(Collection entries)
╔══

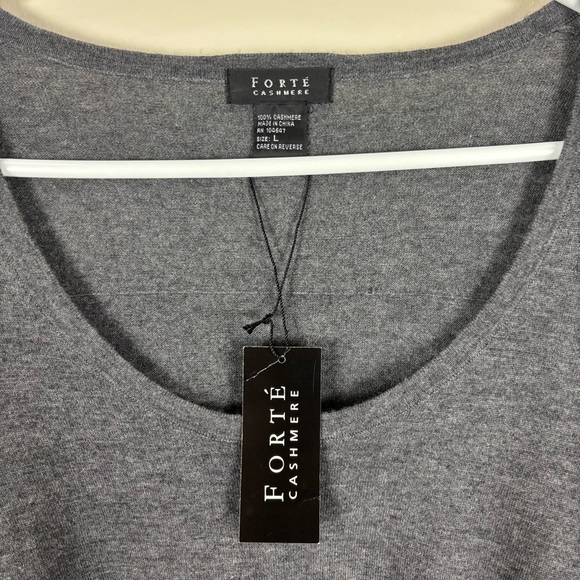 Forte Cashmere Long Sleeve Draped 100% Cashmere Sweater Women’s Size Large NWT - Picture 2 of 6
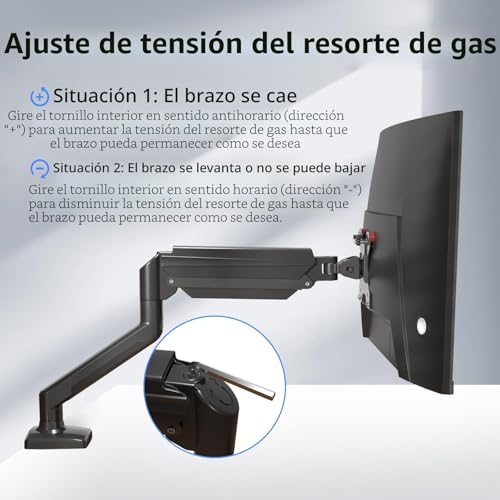 suptek Stojak na monitor PC dla monitorów LED LCD od 13 do 32 cali, regulowane ramię monitora ze sprężyną gazową, obrotowy stojak na monitora z 2 rodzajami instalacji, udźwig do 9 kg,czarny MD01A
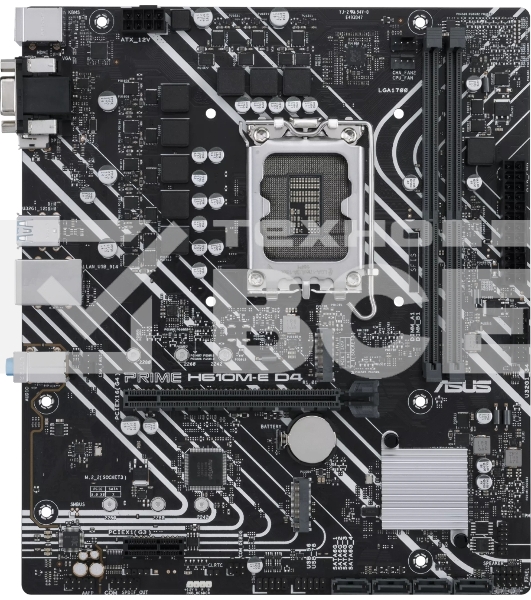 Материнская плата ASUS PRIME H610M-E D4-CSM, LGA 1700, Intel H610, 2xDDR4, 4xSATA, 2xM.2 PCIe 3.0 (x2, x4), 1xPCIe 4.0 x16, 1xPCIe x1, 1xHDMI, 1xDP, 1xVGA, 2xUSB-A 2.0, 2xUSB-A 3.2 Gen 1, 1x 1Gb LAN, 3x3.5 мм, 7.1, mATX
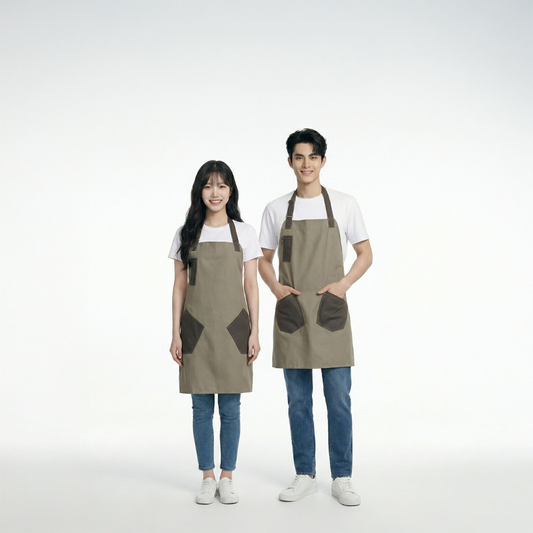 Two-Tone Canvas Kitchen Apron with Large Pocket - Stain Resistant Adjustable Bib for Chefs & Baristas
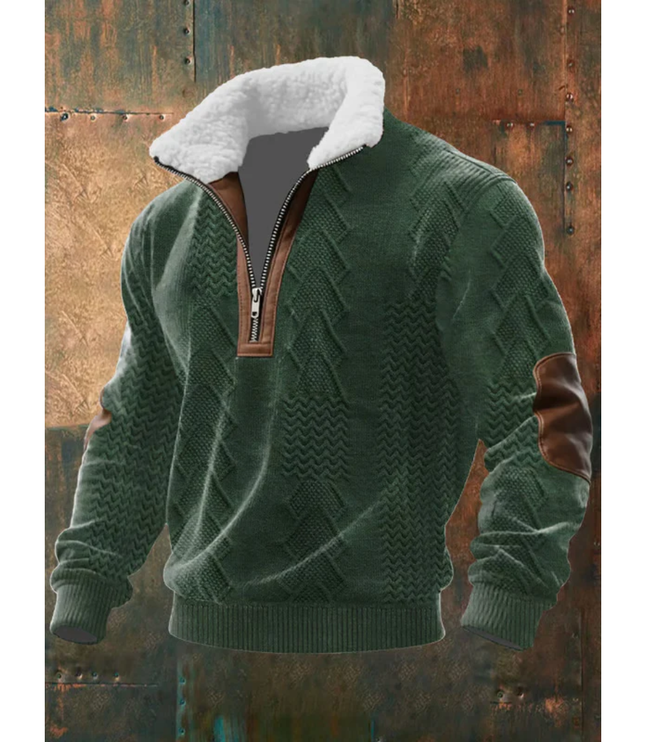 Men's Quarter-Zip Sweater with Sherpa-Lined Collar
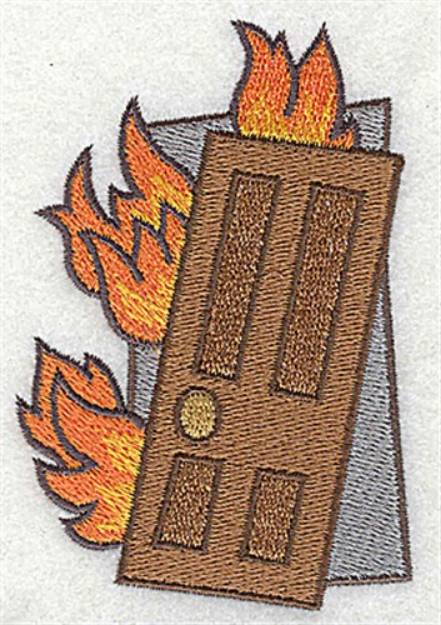 Picture of Burning Building Machine Embroidery Design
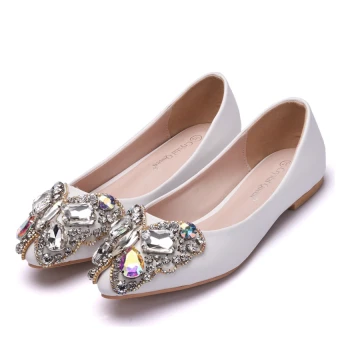 Fine Hvit Casual Damesko 2018 Krystall Rhinestone Rund Tå Flate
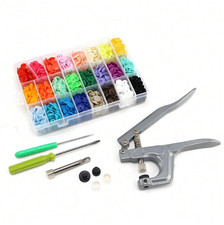 New 24 Colours 360 Sets T5 Plastics Snaps Fasteners KAM Snap Plier Kit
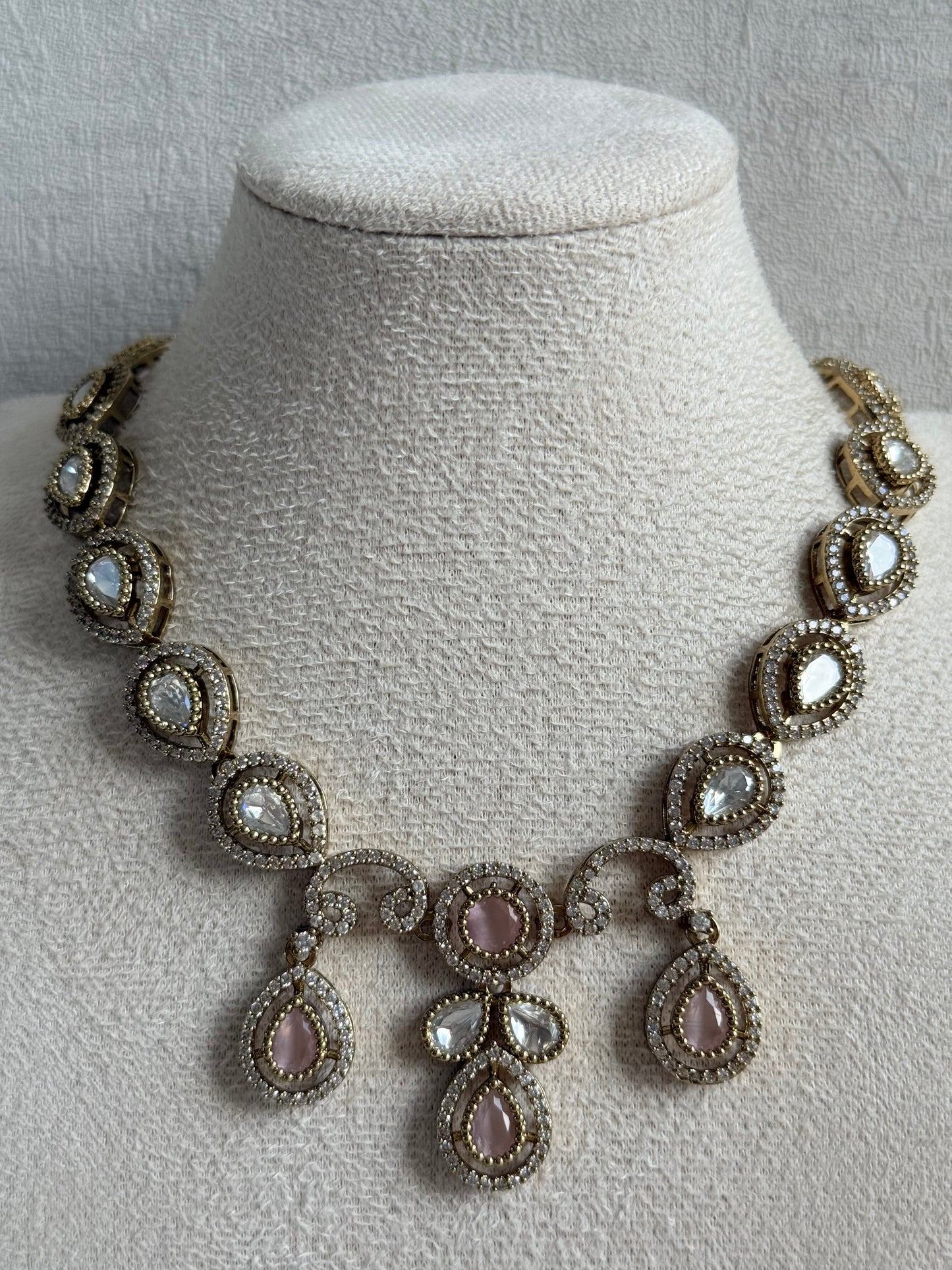 Ayura Designs Bianca Necklace Set with Earrings – Kundan, Blush Pink Stones, Crystals & Gold Finish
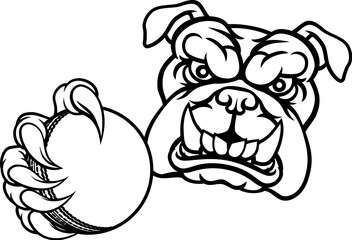 A bulldog dog animal sports mascot holding cricket ball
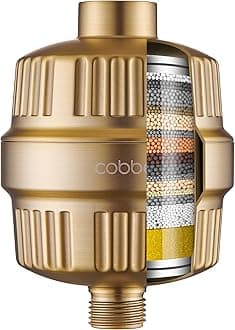 Cobbe HD HEAVY DUTY High Output Shower Filter – 99% REMOVAL Shower Head Filter for Hard Water, Heavy Metals, Chlorine and Harmful Substance, Improve your skin and hair - Brushed Gold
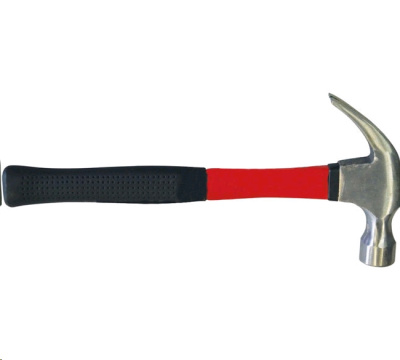 Молоток - гвоздодёр, 450гр., фиберглассовая двухкомпонентная ручка, с магнитом.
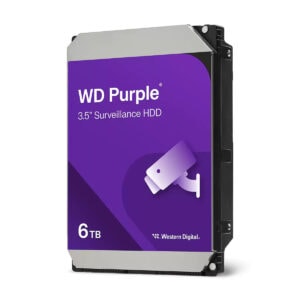 WD Purple 6TB 3.5 inç Güvenlik Sabit Diski, 5400 Rpm hızında, 256MB önbellek ve 7/24 sürekli kullanım için tasarlanmış, SATA 3.0 uyumlu güvenlik ve gözetim uygulamaları için ideal harddisk.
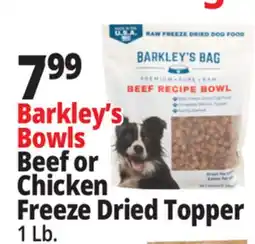 Ocean State Job Lot Barkley's Bowls Beef or Chicken Freeze Dried Topper offer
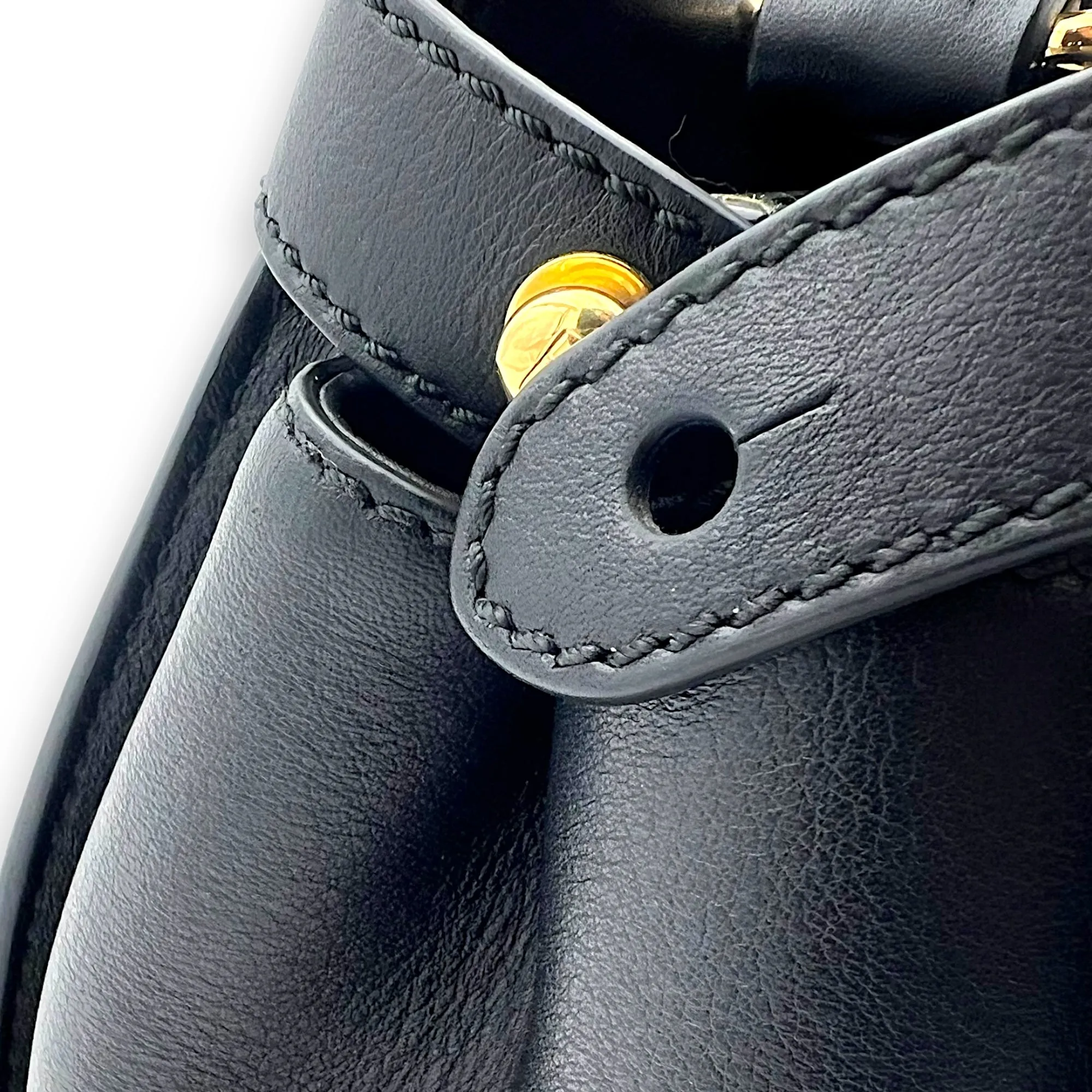 Peekaboo Top Handle Bag Black in Calfskin, Silver hardware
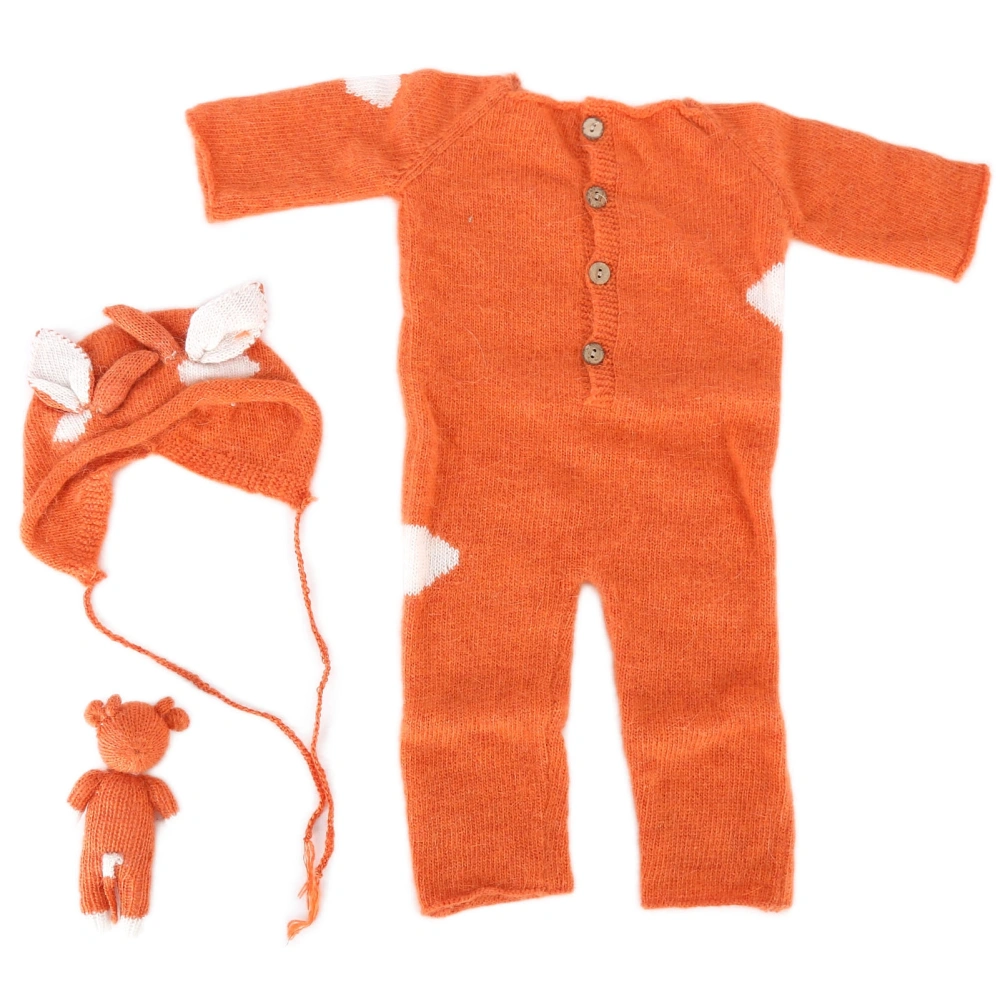 Newborn Photography Suit Soft Knitted Jumpsuit Hat Toy Photo Shoot Props Set for BabyOrange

╚══

WHAT YOU ARE ASKED TO DO: Make an exact copy of the lines above, beginning with the line with "Ayura Designs Bianca" and ending with the line with "A bulldog dog", and keep the pictures out of it.

EXERCISE OUTPUT:
 Ayura Designs Bianca Necklace Set with Earrings – Kundan, Blush Pink Stones, Crystals & Gold Finish
 A bulldog dog animal sports mascot holding cricket ball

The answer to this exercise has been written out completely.